• **Assignment**:
Pictures are to be omitted, and every entry below is to be restated exactly.

• **Data in this exercise**:
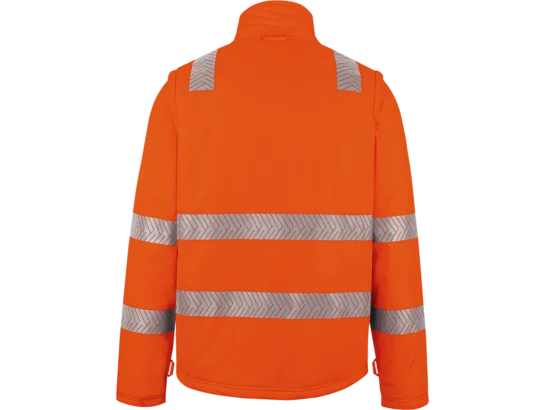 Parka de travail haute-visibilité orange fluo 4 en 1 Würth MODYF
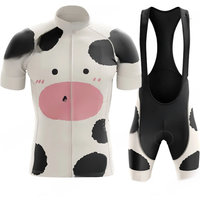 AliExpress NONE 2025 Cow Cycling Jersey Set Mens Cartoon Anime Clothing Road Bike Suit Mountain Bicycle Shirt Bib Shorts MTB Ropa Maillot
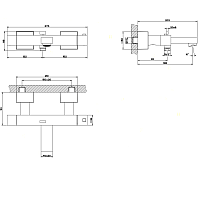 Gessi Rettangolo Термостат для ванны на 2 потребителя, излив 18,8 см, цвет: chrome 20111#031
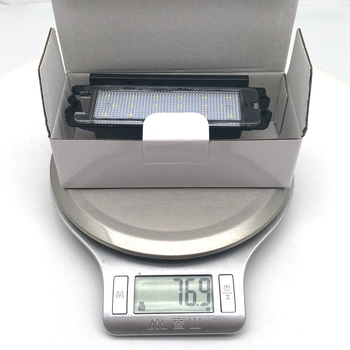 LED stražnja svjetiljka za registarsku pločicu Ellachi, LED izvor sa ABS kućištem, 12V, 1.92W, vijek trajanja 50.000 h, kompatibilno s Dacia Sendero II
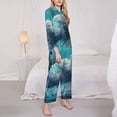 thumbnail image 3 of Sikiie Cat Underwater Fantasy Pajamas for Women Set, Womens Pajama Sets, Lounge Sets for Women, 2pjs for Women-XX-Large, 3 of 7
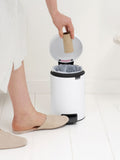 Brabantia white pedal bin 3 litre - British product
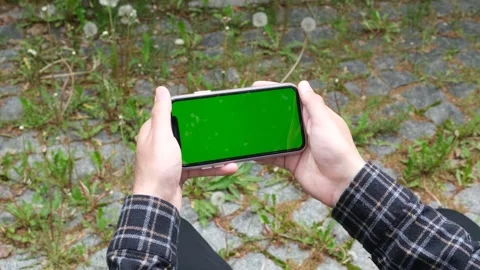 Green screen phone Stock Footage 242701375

• **Solution for this problem**:
 Parka de travail haute-visibilité orange fluo 4 en 1 Würth MODYF
 AliExpress NONE 2025 Cow Cycling Jersey Set Mens Cartoon Anime Clothing Road Bike Suit Mountain Bicycle Shirt Bib Shorts MTB Ropa Maillot
 Gessi Rettangolo Термостат для ванны на 2 потребителя, излив 18,8 см, цвет: chrome 20111#031
 LED stražnja svjetiljka za registarsku pločicu Ellachi, LED izvor sa ABS kućištem, 12V, 1.92W, vijek trajanja 50.000 h, kompatibilno s Dacia Sendero II
 thumbnail image 3 of Sikiie Cat Underwater Fantasy Pajamas for Women Set, Womens Pajama Sets, Lounge Sets for Women, 2pjs for Women-XX-Large, 3 of 7
 Brabantia white pedal bin 3 litre - British product
 Green screen phone Stock Footage 242701375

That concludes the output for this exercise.